Last week, we learned that banks have warned the financial regulator that they will have to push the button on relocation plans for both staff and certain functions unless they get a reasonable idea of the government’s Brexit terms by year-end.
The warnings were made in letters to the Prudential Regulation Authority (PRA), which had asked for details of the banks’ Brexit plans. The PRA is set to give feedback in September. It has been suggested that the regulator will pass an overview of the information it receives to the government as it prepares for negotiations over financial services.
Well, quelle surprise. I’m sorry, but the warnings from financial services have been around for the last year. Little has been communicated by the government’s much-heralded Brexit team about how negotiations will be conducted or what importance it places on financial institutions in this process.
And why wait for September? I know we are entering silly summer season but could this not have been debated when Article 50 was triggered in March? Could we not have gained some sense of the direction of travel before now? The general election was a distraction – and look how helpful that turned out to be for our economic prospects.
Already the HSBC’s chief executive has said that France’s plan to loosen its employment rules make relocating there more attractive. “The package of reforms suggested last week is very, very positive,” Stuart Gulliver said. He reiterated his warning that if Britain were to crash out of the EU without a deal that allowed London-based banks to operate easily inside the bloc, HSBC would move 1,000 jobs. It has selected Paris as the place it will put them, reflecting the fact its owns French bank CCF. “There are about 1,000 jobs out of 43,000 that are employed in the UK that will be unlawful for our activities to be carried out of the UK if it’s a hard Brexit,” Mr Gulliver observed. France plans to scrap the highest bracket of payroll tax for banks and make it easier to sack employees by not requiring bonuses to be taken into account in unfair dismissal claims.
Jamie Dimon, chief executive of JP Morgan Chase, said that the Wall Street bank was set to make Frankfurt its centre inside the bloc but would probably split jobs between Germany, France and Ireland. Precisely how many would leave Britain depended on the Brexit negotiation. Mr Dimon said that the EU would be able to ‘simply dictate’ how many of JP Morgan’s 16,000 employers would leave the UK by deciding what type of jobs it required to be filled by people within the bloc, rather than London.
Dublin emerged this week as the favourite place for relocation, just ahead of Frankfurt.
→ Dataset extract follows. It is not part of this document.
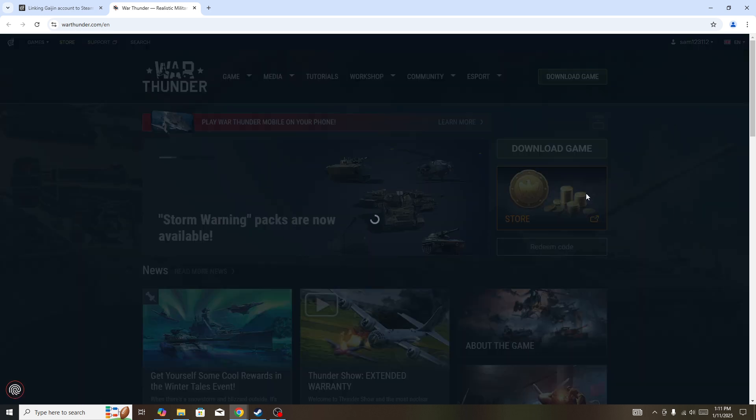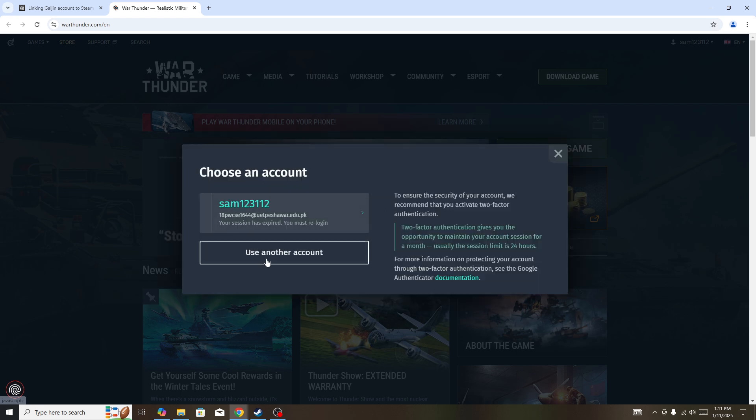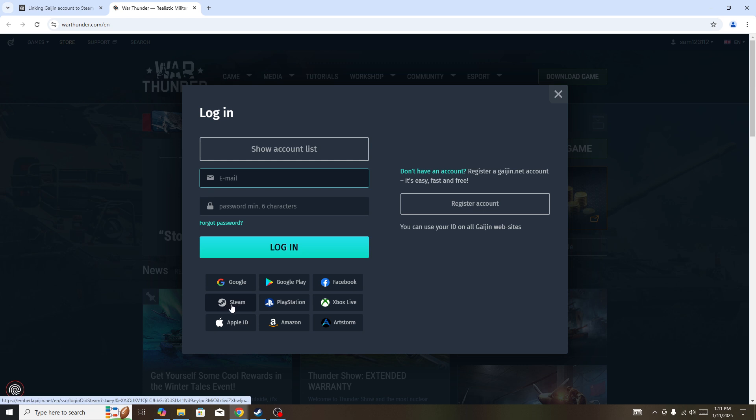Once you click on change account, you need to click on 'use another account' and then you'll be able to link or log in with Steam. Simply click on the Steam button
Barclays is in talks with Irish regulators about expanding its presence in Dublin in the run up to Brexit. It is the latest financial company to indicate how it is repositioning to cope with the UK’s exit. Barclays said Ireland provided a ‘natural base’ as the bank has operated there for 40 years already. “In the absence of certainty around… an agreement, we intend to take necessary steps to preserve ongoing market access for our customers.”
Others are set to follow. I have to say I’m now becoming nervous as to the eventual outcomes of our Brexit negotiations, particularly around financial services. Clarity is needed soon. We cannot afford to lose passporting rights. The hope, of course, is that the UK and remaining 27 countries will agree a deal that replaces passporting with another granting access to each other’s markets. The sceptics among us believe that this, of course, won’t be possible unless the UK makes significant concessions on other issues, including its exit bill.
Well if that’s the case, perhaps it’s a price worth paying.